1. Pelvic Organ Prolapse (POP)?
Pelvic organ prolapse can occur due to weakening or herniating pelvic floor muscles, and the vagina, bladder, uterus, or rectum walls push down and out of their normal position. That can lead to severe pain and discomfort and a feeling of pressure or fullness in the vaginal area. When this happens, it can also cause issues with urination and bowel movements. The weight of the organs pushes against your stomach, which causes you to lose control over your body’s functions.
Pelvic organ prolapse can affect both women and men, but it’s more common in women due to specific structural differences between the genders, childbearing factors, and other factors. However, your doctor can help you explore the most effective prolapse treatment options depending on your type of prolapse and its severity. Thankfully, most cases of pelvic organ prolapse are treatable conservatively by following a special diet and lifestyle regimen, including exercises for strengthening your abdominal muscles. Surgery may take place in more severe cases where conservative treatment has failed.
2. Types of Pelvic Organ Prolapse
Pelvic organ prolapse can affect various parts:
- Rectocele prolapses- Occur when the rectum falls to the vaginal entrance
- Cystocele prolapses- Occurs when the bladder drops from the front into the vagina
- Uterine prolapses- Happen when the uterus moves out of place and down into or outside of the vagina
Symptoms can include urinary incontinence, fecal incontinence, constipation, pain during intercourse, or difficulty having a bowel movement. Patients may not know they have an organ prolapse unless it is very severe because their symptoms may be subtle or intermittent. It’s, therefore, crucial to seek help from a professional like the pelvic floor physiotherapist if you notice any of these signs or symptoms.
3. Causes and Treatment Options Organ Prolapse in Women
Pelvic organ prolapse involves dropping one or more pelvic organs (such as the bladder, uterus, or rectum) into or out of their usual place and falling to the vagina. The most common risk factors for developing pelvic organ prolapse include;
- Pregnancy and childbirth
- Menopause/hormone changes
- Chronic coughing from smoking or asthma
- Other conditions that cause pressure on the abdomen, such as straining to empty the bowel
The condition can also be due to various conditions, such as uterine fibroids. Treatments for pelvic organ prolapse may include pelvic floor exercises, medications, surgery, or a combination of these treatments. Professional pelvic floor physiotherapists can teach women how to strengthen the pelvic floor muscles through controlled exercises to treat and prevent prolapse, which involves contracting and relaxing the pelvic floor muscles.

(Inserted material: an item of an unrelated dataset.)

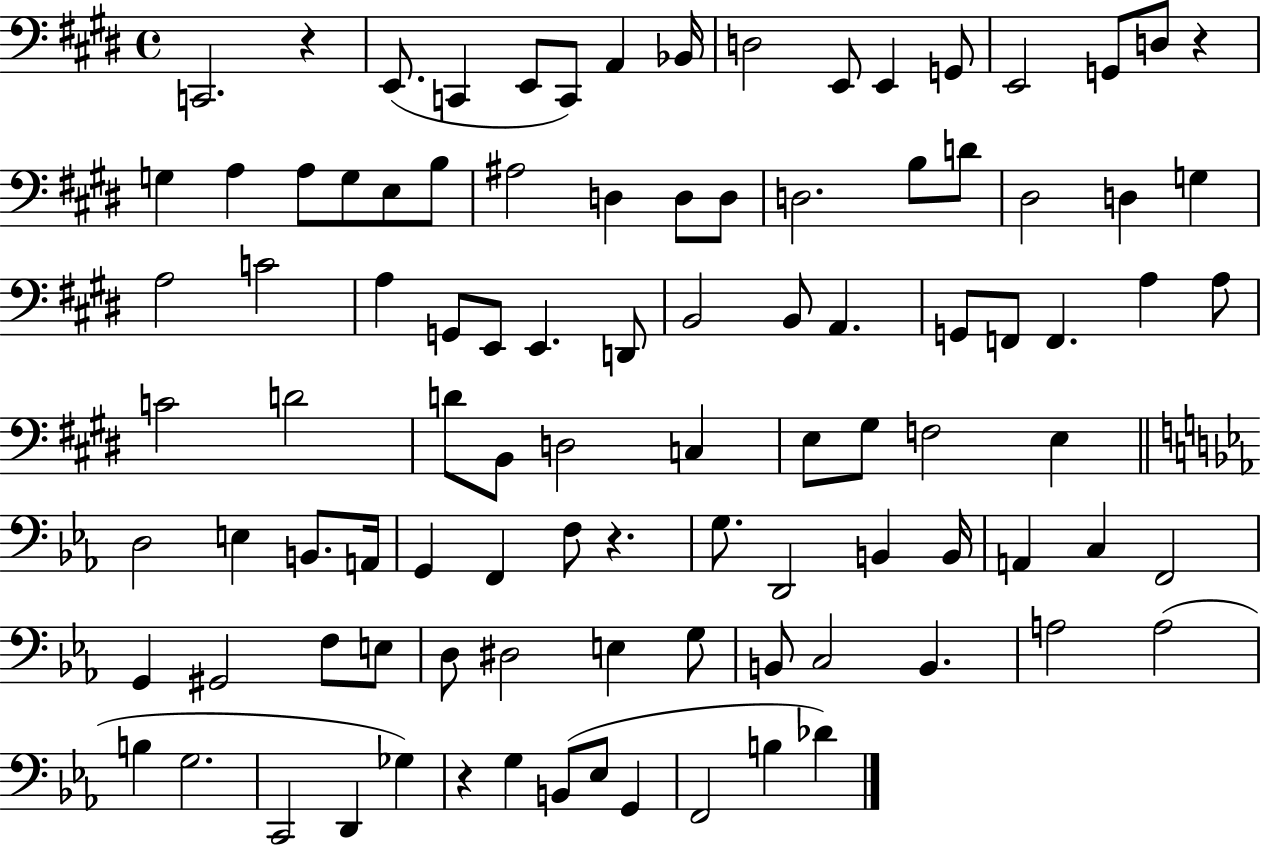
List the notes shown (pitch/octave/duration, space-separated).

C2/h. R/q E2/e. C2/q E2/e C2/e A2/q Bb2/s D3/h E2/e E2/q G2/e E2/h G2/e D3/e R/q G3/q A3/q A3/e G3/e E3/e B3/e A#3/h D3/q D3/e D3/e D3/h. B3/e D4/e D#3/h D3/q G3/q A3/h C4/h A3/q G2/e E2/e E2/q. D2/e B2/h B2/e A2/q. G2/e F2/e F2/q. A3/q A3/e C4/h D4/h D4/e B2/e D3/h C3/q E3/e G#3/e F3/h E3/q D3/h E3/q B2/e. A2/s G2/q F2/q F3/e R/q. G3/e. D2/h B2/q B2/s A2/q C3/q F2/h G2/q G#2/h F3/e E3/e D3/e D#3/h E3/q G3/e B2/e C3/h B2/q. A3/h A3/h B3/q G3/h. C2/h D2/q Gb3/q R/q G3/q B2/e Eb3/e G2/q F2/h B3/q Db4/q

4. How Can One Prevent Organ Prolapse?
Pelvic organ prolapse is caused by weakening the pelvic floor muscles and support tissues, which can lead to the bladder, rectum, or uterus prolapsing. To prevent this, women should perform pelvic floor exercises regularly, even when they are not pregnant, and maintain a healthy weight. Experts advise women who have had pelvic surgery to perform controlled pelvic floor exercises.

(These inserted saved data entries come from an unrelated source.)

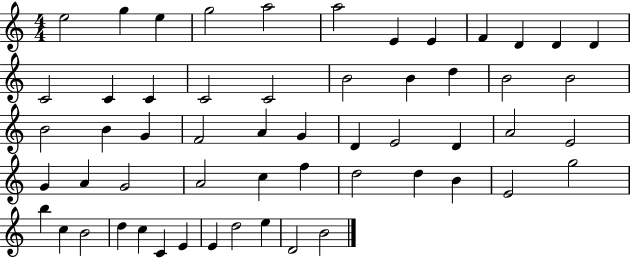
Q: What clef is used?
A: treble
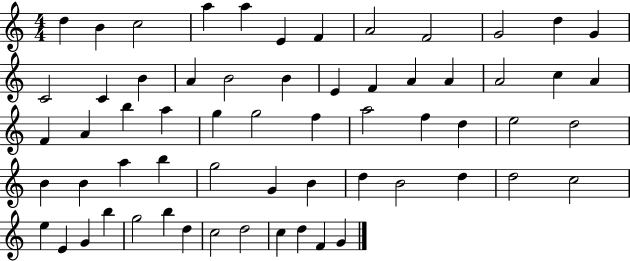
{
  \clef treble
  \numericTimeSignature
  \time 4/4
  \key c \major
  d''4 b'4 c''2 | a''4 a''4 e'4 f'4 | a'2 f'2 | g'2 d''4 g'4 | \break c'2 c'4 b'4 | a'4 b'2 b'4 | e'4 f'4 a'4 a'4 | a'2 c''4 a'4 | \break f'4 a'4 b''4 a''4 | g''4 g''2 f''4 | a''2 f''4 d''4 | e''2 d''2 | \break b'4 b'4 a''4 b''4 | g''2 g'4 b'4 | d''4 b'2 d''4 | d''2 c''2 | \break e''4 e'4 g'4 b''4 | g''2 b''4 d''4 | c''2 d''2 | c''4 d''4 f'4 g'4 | \break \bar "|."
}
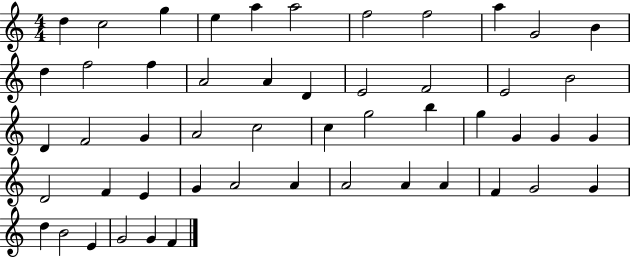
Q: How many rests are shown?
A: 0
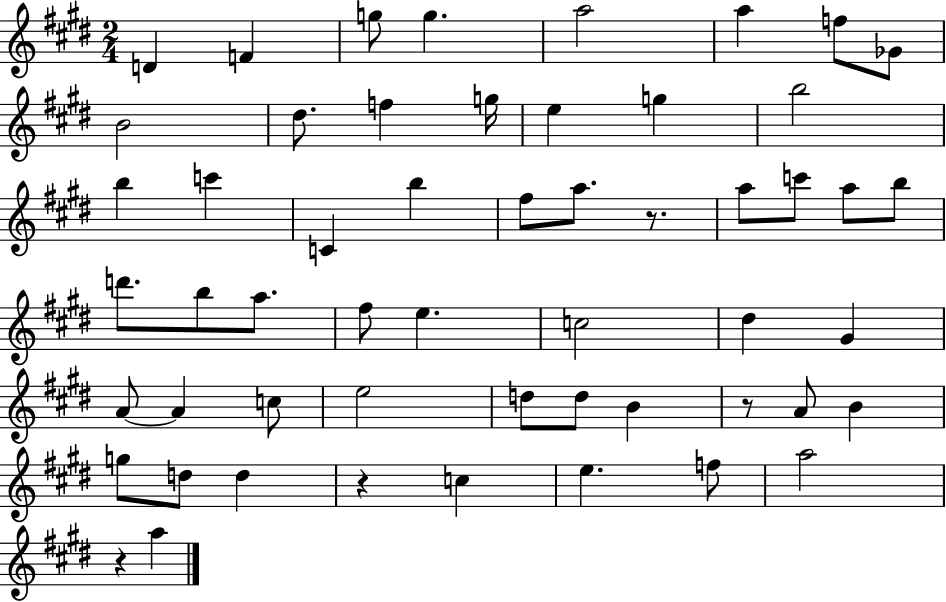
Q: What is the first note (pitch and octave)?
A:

Pelvic floor exercises also help with strengthening and preparing for childbirth. These exercises also prevent mild organ prolapse from worsening into more severe cases. However, women must learn how to perform pelvic floor exercises correctly so that their organs stay put. Consult your pelvic floor physiotherapist if you don’t know the correct way to do them.
5. You are Not Alone
When you experience symptoms of organ prolapse, it’s crucial to know that there are professionals who can help. Pelvic floor therapists have undergone training in the anatomy and function of the pelvic floor muscles and how they work together with ligaments, fascia, nerves, and blood vessels. They also study how these factors interact and other systems like the urinary tract and bowel.
With this knowledge and skills, they can design a treatment plan for their patient’s specific needs. You can also interact with communities of other women going through the same thing by joining an online support group or talking to someone close to you.
Pelvic organ prolapse is when pelvic organs (bladder, bowel, and uterus) slip down into or protrude out of the vagina. It can happen during pregnancy, childbirth, or menopause, or due to other reasons discussed above. Although it’s common, many women are unaware of their condition. A regular check-up with a pelvic floor physiotherapist is essential for anyone who has experienced any symptoms: leakage from the bladder or bowels, a bulge at the vaginal opening, abdominal pain or pressure on the lower back, persistent urinary tract infections, or chronic constipation.